Peygamberin iki büyük şehirden birisinin büyüğüne girmiş olması gerektiğini ileri sürenlere “Allah’ın rahmetini onlar mı taksim ediyor” diye cevaplıyor. Bunun gerekçesini de insanların değişik konularda bir birinden üstün yaratıldıkları ve böylece onların birbirine muhtaç hale getirdiğini ve bu yoldan birlik sağladığını ifade etmektedir. Yönetimde ve servette o iki beldenin başkanlarını yüce kılmış ve nübüvvette ise başkasını yüceltmiştir. Ve insanlar arasında denge koymuştur, şeklinde cevap vermiştir.

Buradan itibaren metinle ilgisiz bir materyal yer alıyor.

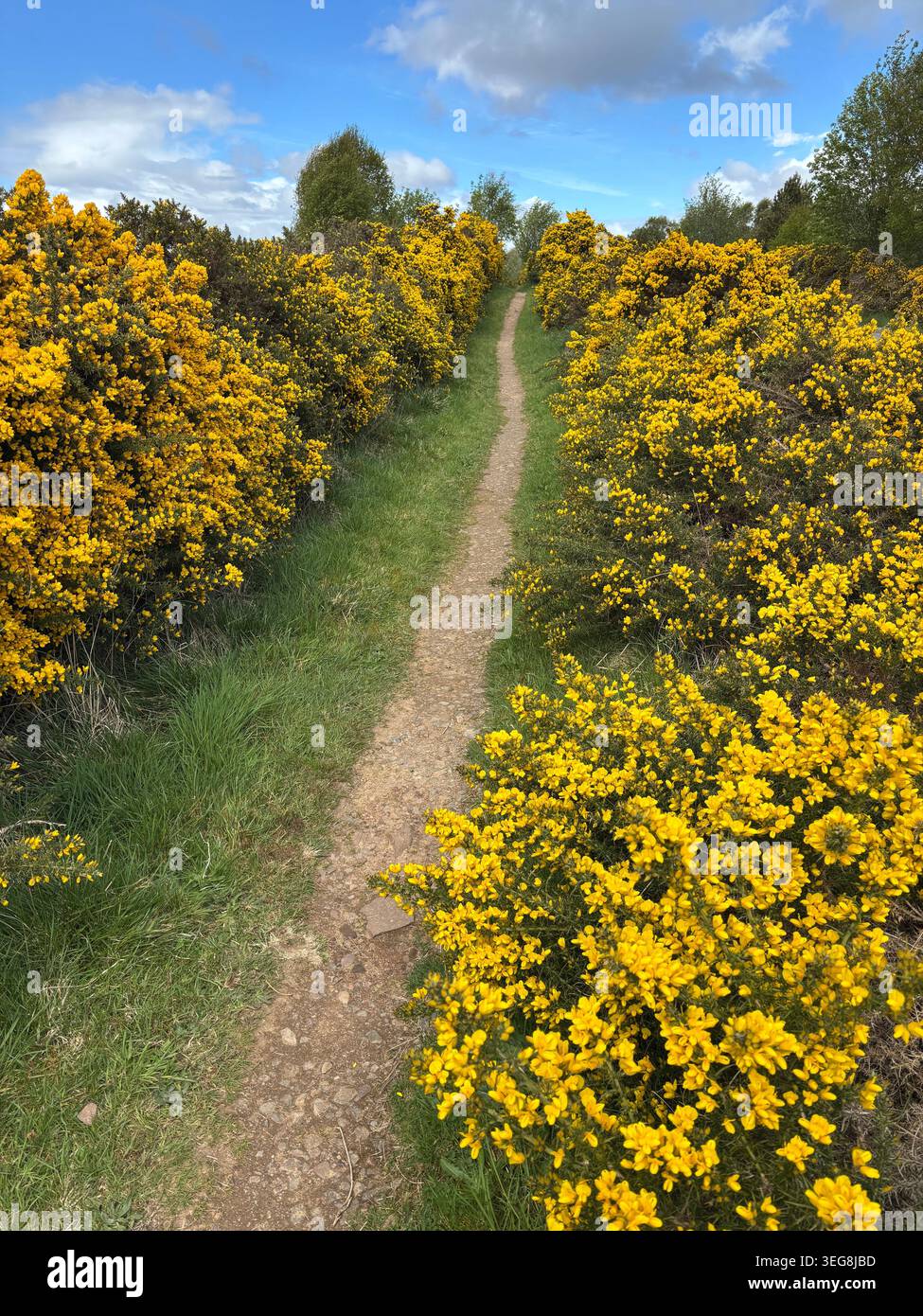 5/8/26: Bunloit, Inverness, Scotland — A path on the Great Glen Way trail cuts through shrubs blooming with Gorse flowers. Photo by Charles K. Eans - Smartphone Captured Stock Image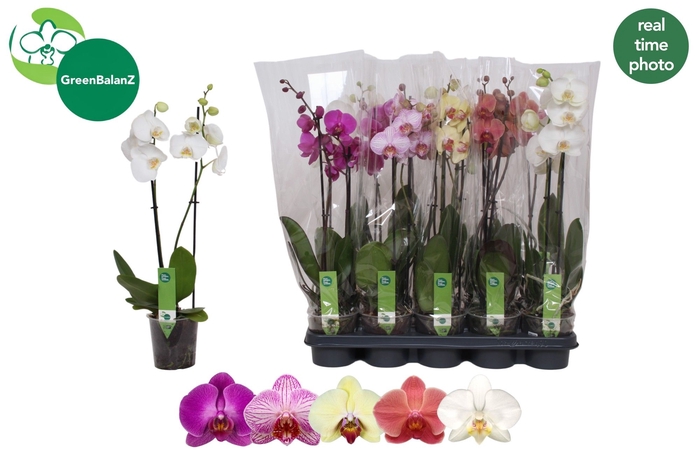 <h4>PHAL GEM</h4>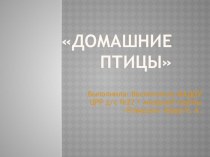 Презентация :Домашние птицы презентация к уроку по окружающему миру (младшая группа)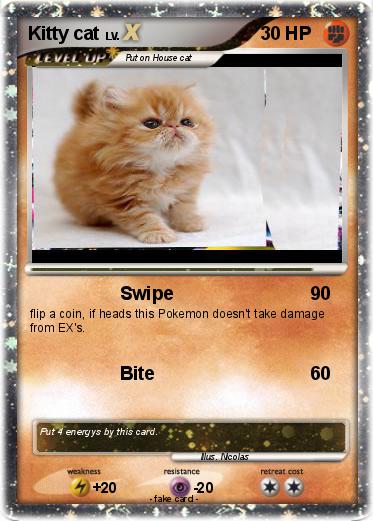 Pokemon Kitty cat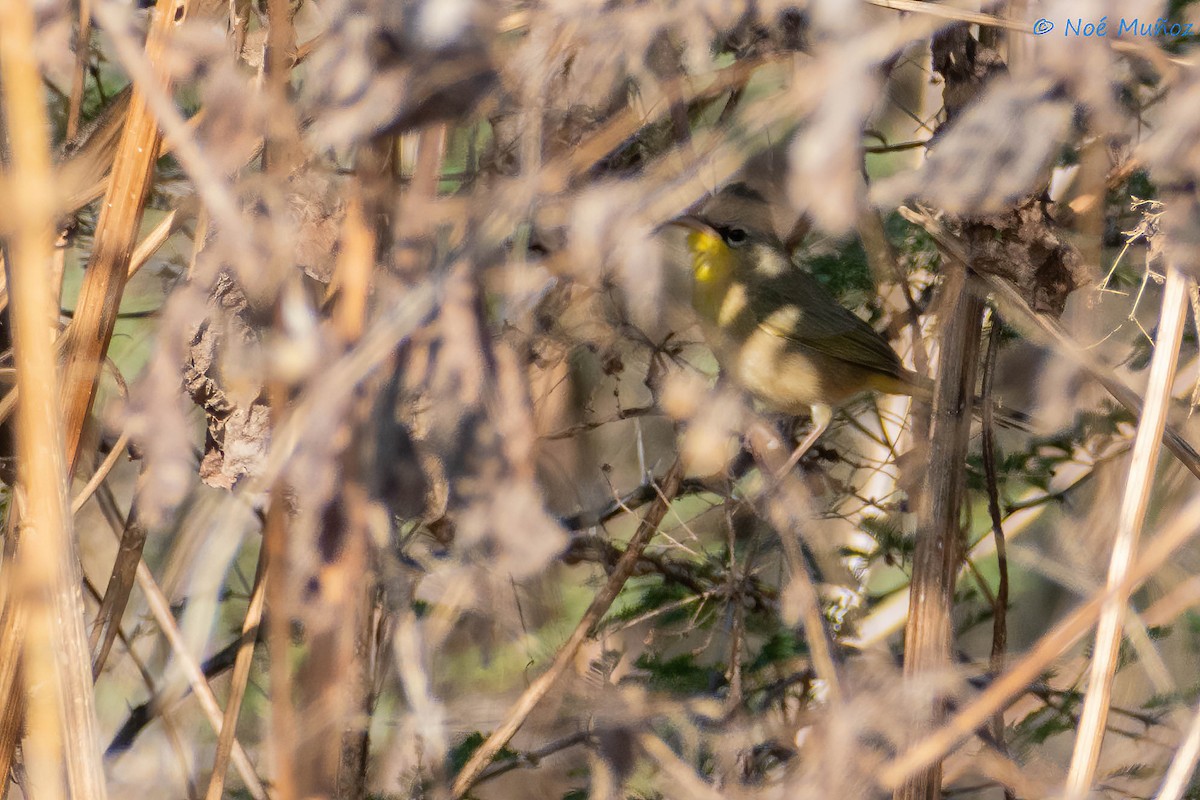 Gray-crowned Yellowthroat - ML425599021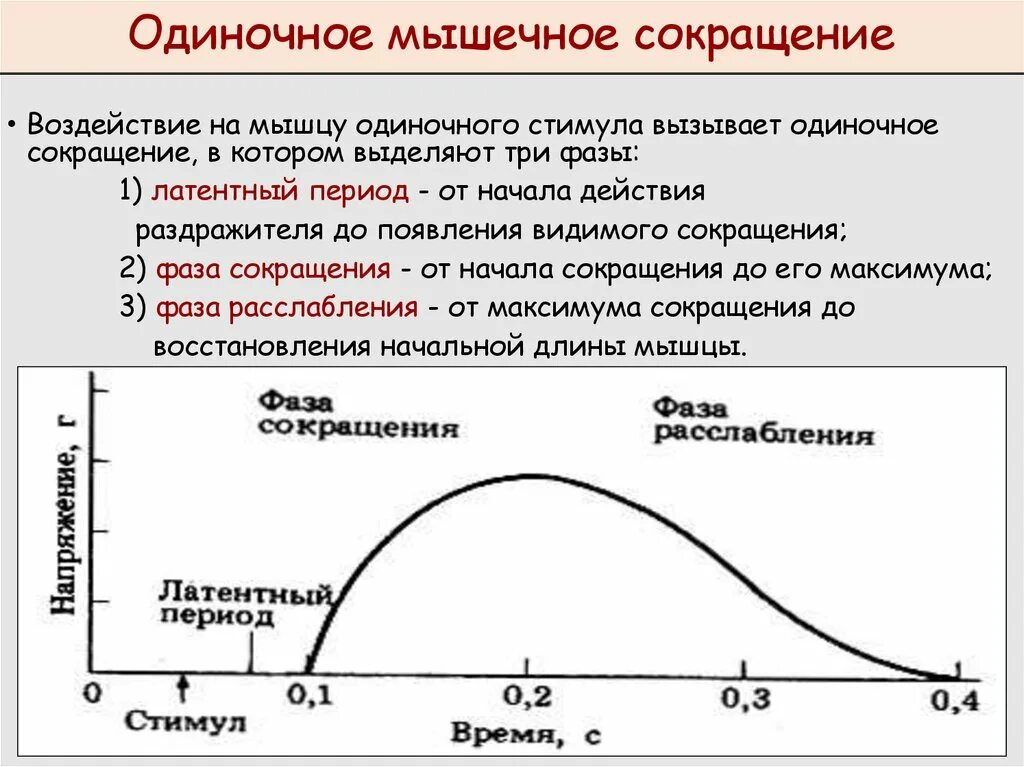 Фазы одиночного мышечного сокращения физиология. Механические фазы одиночного мышечного сокращения таблица. Последовательность фаз одиночного сокращения мышцы. Одиночное мышечное сокращение график физиология. Какой ток вызывает сокращение мышц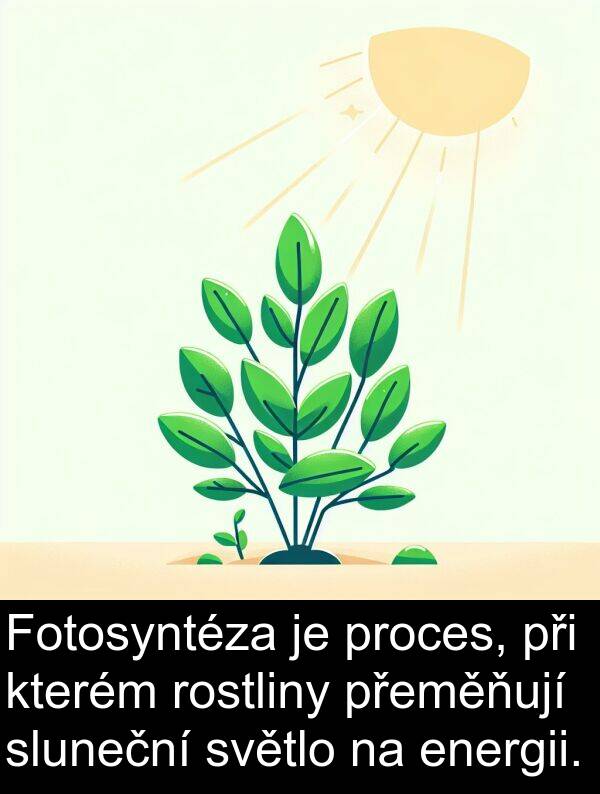 energii: Fotosyntéza je proces, při kterém rostliny přeměňují sluneční světlo na energii.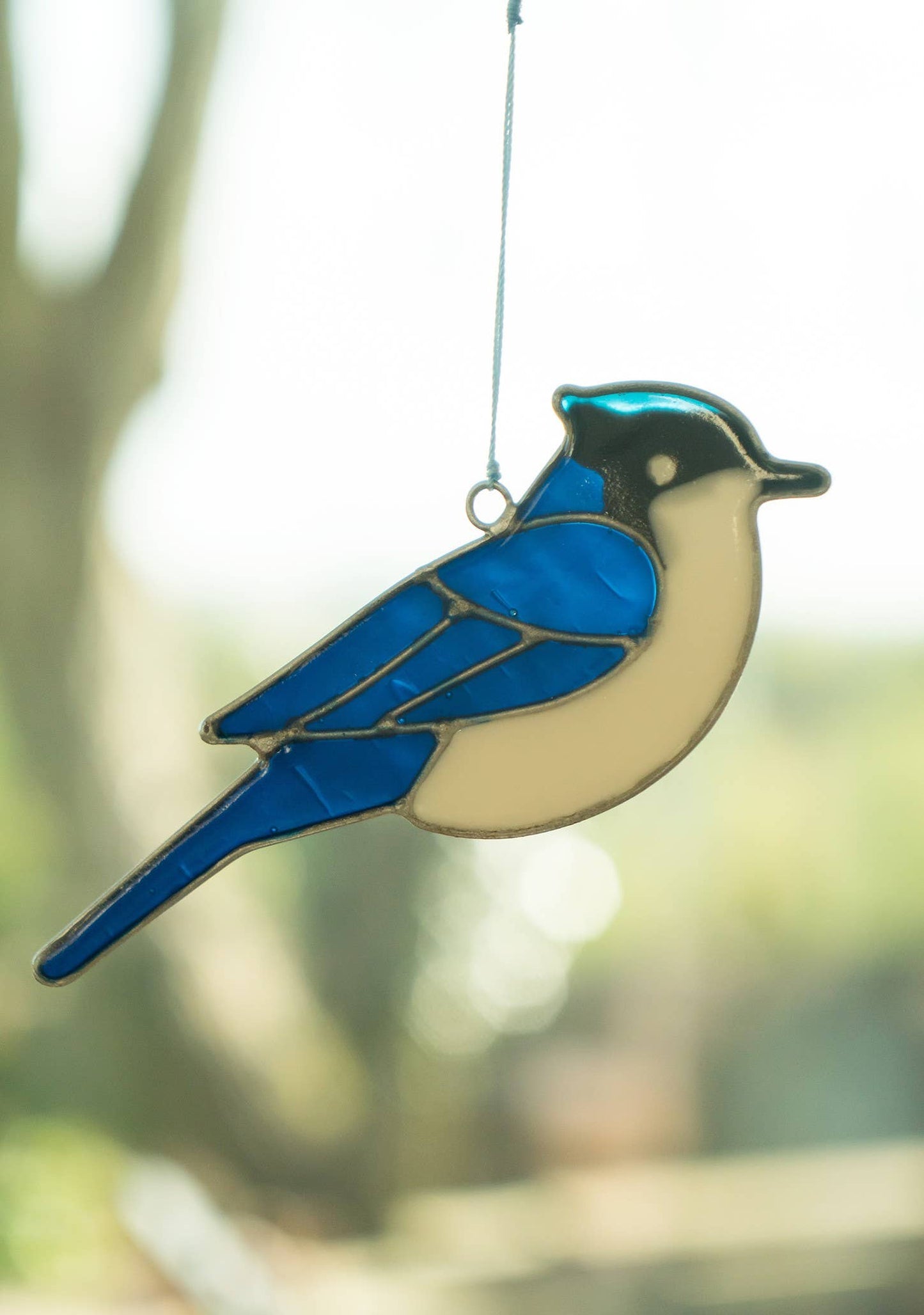 Blue Jay Suncatcher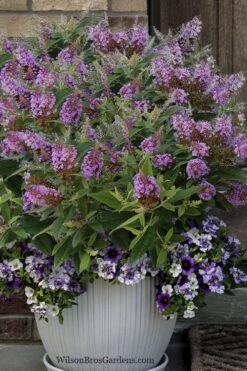Dapper Lavender Butterfly Bush - 2 Gallon Pot -Green Haven Sales buddleia davidii dapper lavender butterfly bush 3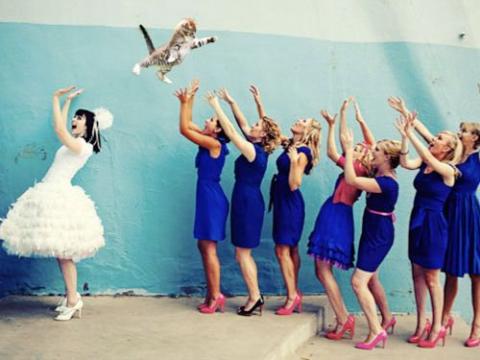 結婚式で花嫁が投げるブーケを「猫」に置き換えた写真
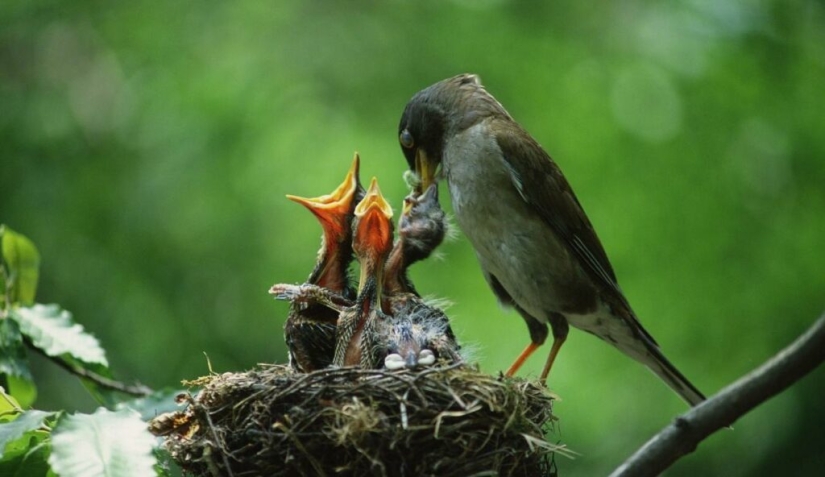 Ella mastica - Los clientes pagan: Impactante tendencia "Bird" en OnlyFans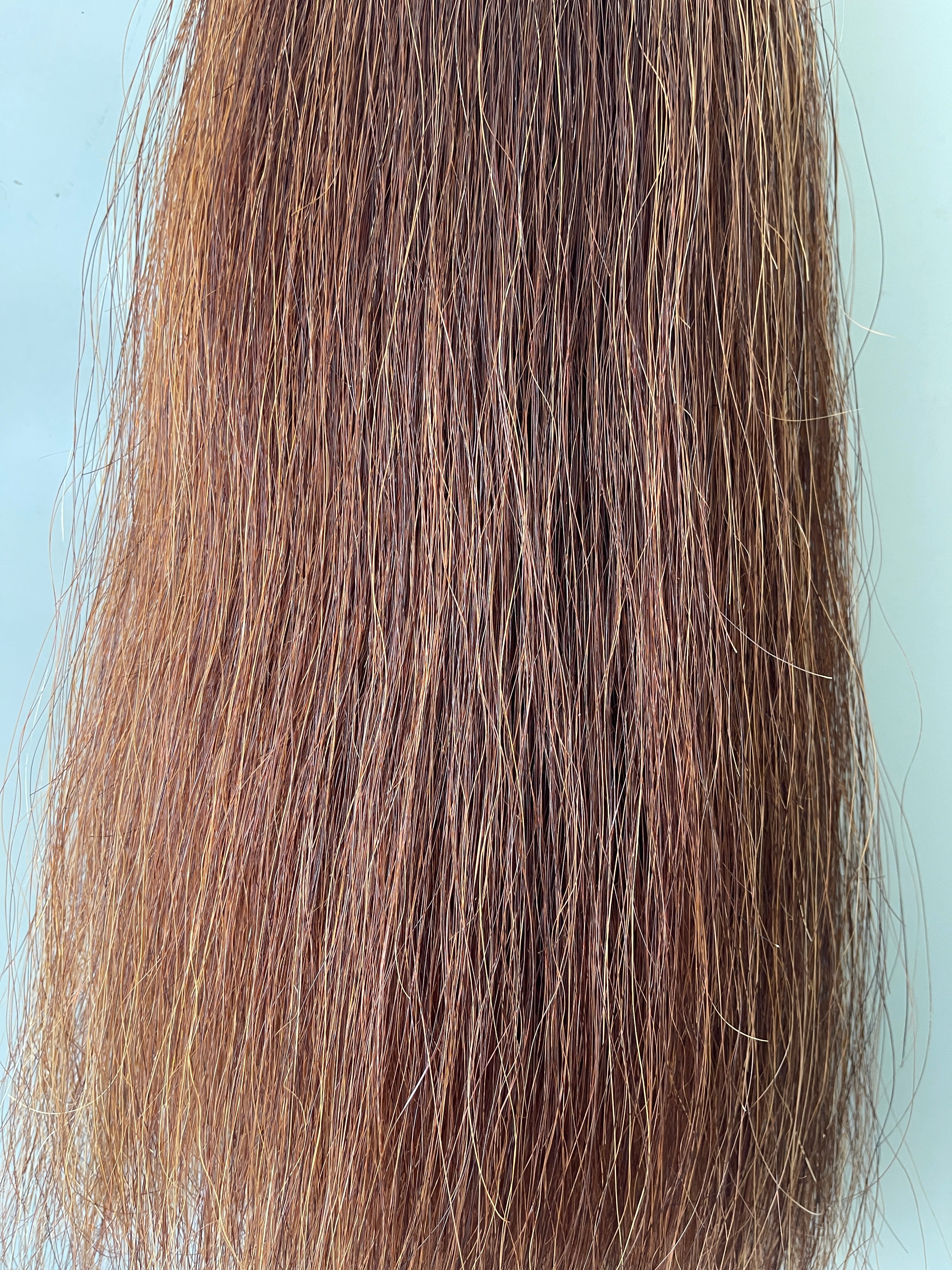 Chestnut blend Double plus about 2.5 times  71 cm natural end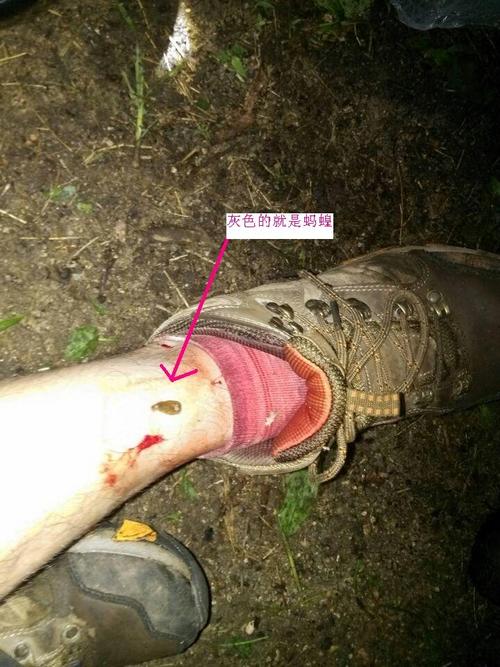 探秘大东山作业贴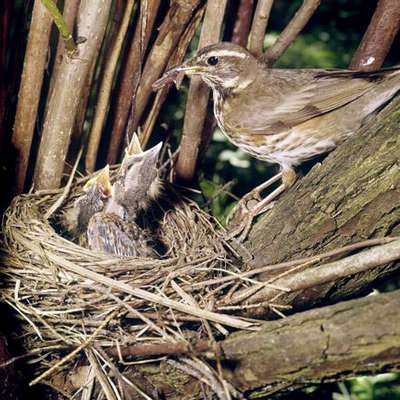 Маньяк-натуралист осужден в Британии за кражу 700 яиц редких птиц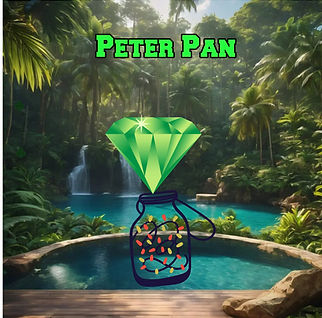 island sea shore with palm - Made with PosterMyWall.jpg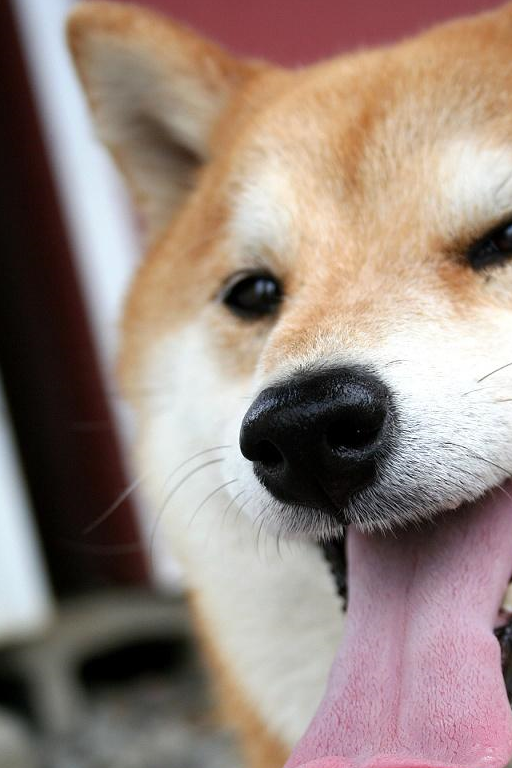 建议各位在柴犬3个月以后再精心挑选,到了3个月小土狗中华田园去一眼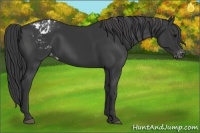 Horse Color:Black Appaloosa 
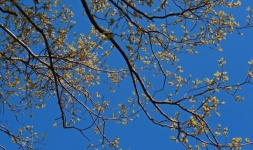 New Leaves And Flowers Against Sky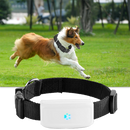Pet GPS Tracking Collar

“Sağıra sen mi duyuracaksın, köre sen mi yol göstereceksin” diyerek bizim görevimizin sadece tebliğden ibaret olduğuna işaret etmektedir. “Sana vahy olunana uy, sen doğru yol üzerindesin ve bu sana ve kavmine zikirdir” demek suretiyle risaletin kavme münhasır olduğunu ifade etmektedir. Ve herkes kavmine tebliğ etmekle yükümlü olduğunu söylemektedir. Ayetlerin birbirinden üstün olduğunu bildirerek ayetlerin değişik cihetlerle farklı üstünlükleri olduğunu söylemektedir.
Meryem oğlunun bir kul olduğunu, değil ilah, melek bile olmadığını bildirerek insanların peygamber bile olsalar kutsileştirilmemelerini beyan etmektedir. İsa (AS) bugünkü İncil’de de yazılı bulunan bir beyanda bulunmuştur. “Ben gidiyorum. Çünkü benden sonra biri gelecek, ben gitmezsem o gelmez. Onun gelme vakti gelmiştir. Onun için gidiyorum” demiştir. Böylece Kur’an’ın ve Muhammed(AS)nin geleceğini bildirmiştir ve geçmiş peygamberler hep Kur’an düzeninin gelmesi için hazırlıklar yapmışlardır. Son hazırlığını İsa(AS) yapmıştır ve artık vahin biteceği dönemin yaklaştığı haberine alamet olmuştur.
Cennette nefislerin her canları çektiği şeyin olduğunu ve gözlerin telezzüz edeceğini bildirmiştir. Böylece bir taraftan insanların maddi ihtiyaçlarına, diğer taraftan estetik ihtiyaçlarına işaret etmiştir.
“Rahmanın bir veledi olsaydı, herkesten önce ben ona ibadet ederdim, de” şeklindeki emir ile insanların Allah’ın buyruklarına hiçbir direnme göstermeksizin uymaları gerektiğini bildirmektedir.
“Saatin ilmi onun yanındadır” demesi ile daha yukarıdaki “o saatin ilmidir” ayetleri arasında bir çelişki yoktur. Çünkü İsa(AS)yı ilim olarak koyan Allah’tır.
Son ayet ise “onlardan iyilikle ayrıl ve onlara barış, de” emri ile bu sure müminlerin tebliğ usulunu çok açık bir şekilde ortaya koymakta ikna yolu ile da’vet ve gelmemeleri halinde bile barış içinde yaşanması ve tebliğden sonra da onların rahatsız edilmemelerini bildirmektedir.